Note that RSGet is declared using the Friend keyword. A procedure declared Friend can be called from anywhere within the component, but is not visible outside of the component. In this sample code, it means that RSGet can be called from clsPublisher and clsPublisherList, but it can't be called from anywhere in the PublishersWebUI project. This is good because we don't want any code outside of the DHO to query the Publishers table. Instead, we want it to use the DHO's methods.

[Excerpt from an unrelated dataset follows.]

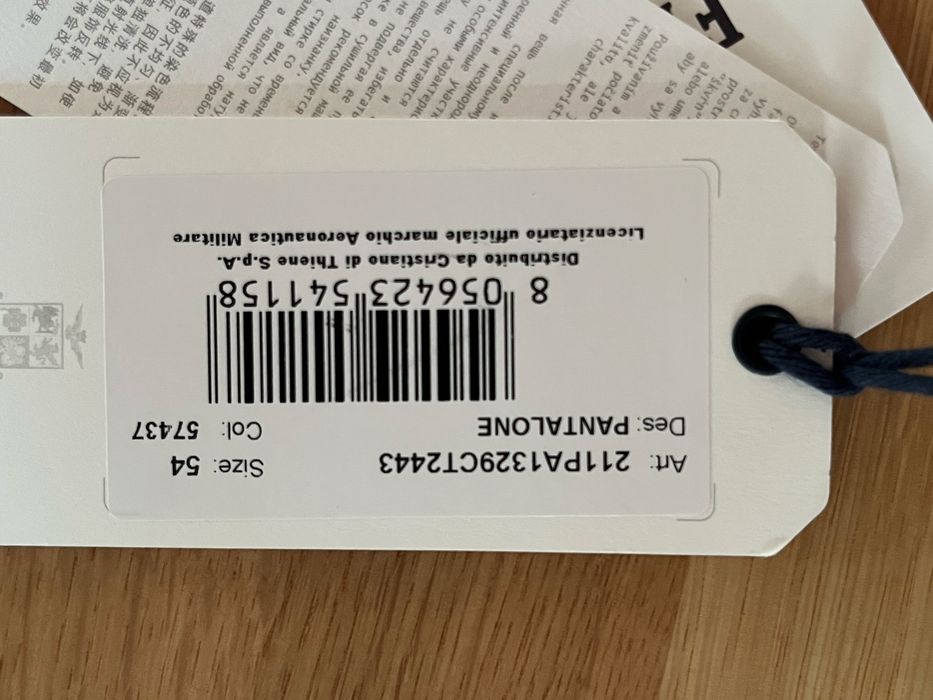 Aeronautica militare spodnie cargo rozmiar XL  54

The methods in clsPublishersList that allow individual Publishers to be fetched, inserted, updated, and deleted are pretty simple to code because they just pass control to "friend" methods in clsPublisher:

' Removes a Publisher from the Publishers table.
Public Sub Delete(ByVal lPublisher As clsPublisher)
  Call lPublisher.DBDelete(mDB)
End Sub

' Inserts a Publisher into the Publishers table.
Public Sub Insert(ByVal lPublisher As clsPublisher)
  Call lPublisher.DBInsert(mDB)
  ' If we were worried about duplicate primary keys,
  ' we would attempt to catch the error raised by
  ' the DBMS here, and re-raise a nicer message.
End Sub

' Retrieves a Publisher from the Publishers table.
Public Function Fetch(ByVal lPubID As Long) As clsPublisher
  Dim lPub As clsPublisher
  Set lPub = New clsPublisher
  lPub.PubID = lPubID
  Call lPub.DBGet(mDB)
  Set Fetch = lPub
End Function

' Updates a Publisher in the Publishers table.
Public Sub Update(ByVal lPublisher As clsPublisher)
  Call lPublisher.DBUpdate(mDB)
End Sub

Because we'll add Publisher update functionality in the sample application, here's the code for the clsPublisher.DBUpdate method:

Friend Sub DBUpdate(ByVal lDB As ADODB.Connection)
  Dim lSQL As String

  lSQL = "UPDATE Publishers SET "

  lSQL = lSQL & " Name = " & DBStr(Name) & ","
  lSQL = lSQL & " [Company Name] = " & DBStr(CompanyName) & ","
  lSQL = lSQL & " Address = " & DBStr(Address) & ","
  lSQL = lSQL & " City = " & DBStr(City) & ","
  lSQL = lSQL & " State = " & DBStr(State) & ","
  lSQL = lSQL & " Zip = " & DBStr(Zip) & ","
  lSQL = lSQL & " Telephone = " & DBStr(Telephone) & ","
  lSQL = lSQL & " Fax = " & DBStr(Fax)
  
  lSQL = lSQL & " WHERE PubID = " & CStr(PubID)

  Call lDB.Execute(lSQL)
End Sub

Note that this procedure also is coded using the Friend keyword so that all requests to update a publisher must go through the Public clsPublisherList.Update method first. clsPublisher.DBUpdate also uses the DBStr function mentioned earlier to avoid the SQL embedded quotes problem.

The DBFetch, DBDelete, and DBInsert methods of clsPublisher are coded very much the same as DBUpdate, and so aren't listed here for brevity sake. Download the sample project source code if you want to see how they are implemented.